__EXERCISE DIRECTIONS__:
Beginning with the first line of the data below, reproduce every line unchanged, ending with the line that holds "开封桩基声测管主要生产设备-2".
────────────────────
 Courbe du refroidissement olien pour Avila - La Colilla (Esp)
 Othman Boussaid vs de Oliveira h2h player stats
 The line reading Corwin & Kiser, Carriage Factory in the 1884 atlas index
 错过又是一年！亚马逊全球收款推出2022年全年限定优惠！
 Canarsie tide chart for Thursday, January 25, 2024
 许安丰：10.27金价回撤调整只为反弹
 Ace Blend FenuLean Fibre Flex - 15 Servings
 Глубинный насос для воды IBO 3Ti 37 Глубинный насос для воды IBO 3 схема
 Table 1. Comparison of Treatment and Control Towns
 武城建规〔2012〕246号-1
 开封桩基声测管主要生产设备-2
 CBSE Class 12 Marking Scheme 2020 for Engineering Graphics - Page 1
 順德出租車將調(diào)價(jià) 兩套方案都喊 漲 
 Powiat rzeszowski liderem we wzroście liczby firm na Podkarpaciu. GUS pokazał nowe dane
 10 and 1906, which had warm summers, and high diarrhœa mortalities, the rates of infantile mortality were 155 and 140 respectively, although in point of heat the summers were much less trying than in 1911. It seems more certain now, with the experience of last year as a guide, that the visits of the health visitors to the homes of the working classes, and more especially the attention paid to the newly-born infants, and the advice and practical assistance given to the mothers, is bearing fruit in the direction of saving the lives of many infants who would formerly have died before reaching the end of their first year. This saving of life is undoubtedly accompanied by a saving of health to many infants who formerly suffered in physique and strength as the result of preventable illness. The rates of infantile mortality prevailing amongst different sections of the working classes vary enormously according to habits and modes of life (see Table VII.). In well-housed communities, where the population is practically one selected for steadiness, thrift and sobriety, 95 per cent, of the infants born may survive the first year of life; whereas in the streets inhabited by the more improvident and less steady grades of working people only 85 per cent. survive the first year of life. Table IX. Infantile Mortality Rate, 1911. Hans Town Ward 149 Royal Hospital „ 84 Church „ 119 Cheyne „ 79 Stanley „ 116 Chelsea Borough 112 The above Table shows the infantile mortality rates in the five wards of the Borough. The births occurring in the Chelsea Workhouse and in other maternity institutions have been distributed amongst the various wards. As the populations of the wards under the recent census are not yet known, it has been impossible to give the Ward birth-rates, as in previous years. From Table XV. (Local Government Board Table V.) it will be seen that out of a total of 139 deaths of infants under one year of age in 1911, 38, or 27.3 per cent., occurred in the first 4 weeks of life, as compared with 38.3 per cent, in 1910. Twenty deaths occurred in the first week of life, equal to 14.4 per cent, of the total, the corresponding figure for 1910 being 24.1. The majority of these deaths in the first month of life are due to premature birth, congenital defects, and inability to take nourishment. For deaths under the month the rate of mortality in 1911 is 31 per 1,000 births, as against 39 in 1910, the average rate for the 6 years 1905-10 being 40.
────────────────────
__SOLUTION FOR THIS PROBLEM__:
 Courbe du refroidissement olien pour Avila - La Colilla (Esp)
 Othman Boussaid vs de Oliveira h2h player stats
 The line reading Corwin & Kiser, Carriage Factory in the 1884 atlas index
 错过又是一年！亚马逊全球收款推出2022年全年限定优惠！
 Canarsie tide chart for Thursday, January 25, 2024
 许安丰：10.27金价回撤调整只为反弹
 Ace Blend FenuLean Fibre Flex - 15 Servings
 Глубинный насос для воды IBO 3Ti 37 Глубинный насос для воды IBO 3 схема
 Table 1. Comparison of Treatment and Control Towns
 武城建规〔2012〕246号-1
 开封桩基声测管主要生产设备-2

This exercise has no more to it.